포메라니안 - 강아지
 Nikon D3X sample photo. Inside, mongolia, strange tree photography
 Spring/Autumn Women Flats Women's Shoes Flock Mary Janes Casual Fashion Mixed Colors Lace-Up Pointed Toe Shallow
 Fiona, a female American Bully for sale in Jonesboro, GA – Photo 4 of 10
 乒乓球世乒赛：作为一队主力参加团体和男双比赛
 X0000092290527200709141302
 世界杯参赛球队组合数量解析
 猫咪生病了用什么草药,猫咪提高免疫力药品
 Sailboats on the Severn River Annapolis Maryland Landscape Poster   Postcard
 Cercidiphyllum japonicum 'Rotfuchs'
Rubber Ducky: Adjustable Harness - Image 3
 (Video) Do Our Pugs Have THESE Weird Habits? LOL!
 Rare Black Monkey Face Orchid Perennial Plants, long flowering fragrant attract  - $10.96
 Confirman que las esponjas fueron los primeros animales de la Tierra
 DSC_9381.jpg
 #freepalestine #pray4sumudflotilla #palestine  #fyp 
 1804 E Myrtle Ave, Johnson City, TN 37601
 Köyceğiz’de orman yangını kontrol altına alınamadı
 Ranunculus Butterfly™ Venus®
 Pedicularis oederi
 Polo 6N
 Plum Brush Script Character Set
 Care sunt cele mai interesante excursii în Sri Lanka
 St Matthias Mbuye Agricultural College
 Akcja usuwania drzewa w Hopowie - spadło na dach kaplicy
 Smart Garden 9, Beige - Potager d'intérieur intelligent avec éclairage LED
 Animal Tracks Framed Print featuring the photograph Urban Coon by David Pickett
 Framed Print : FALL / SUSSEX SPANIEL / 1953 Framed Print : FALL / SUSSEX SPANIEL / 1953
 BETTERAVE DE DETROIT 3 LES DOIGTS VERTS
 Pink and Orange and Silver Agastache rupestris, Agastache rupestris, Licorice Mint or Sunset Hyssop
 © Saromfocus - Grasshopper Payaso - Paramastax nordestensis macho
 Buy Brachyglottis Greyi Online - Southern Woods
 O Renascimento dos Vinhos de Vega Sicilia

--- --- ---

**Required action**
Which lines in the records above contain the string "Print"? Copy each one.

**Response**
 Animal Tracks Framed Print featuring the photograph Urban Coon by David Pickett
 Framed Print : FALL / SUSSEX SPANIEL / 1953 Framed Print : FALL / SUSSEX SPANIEL / 1953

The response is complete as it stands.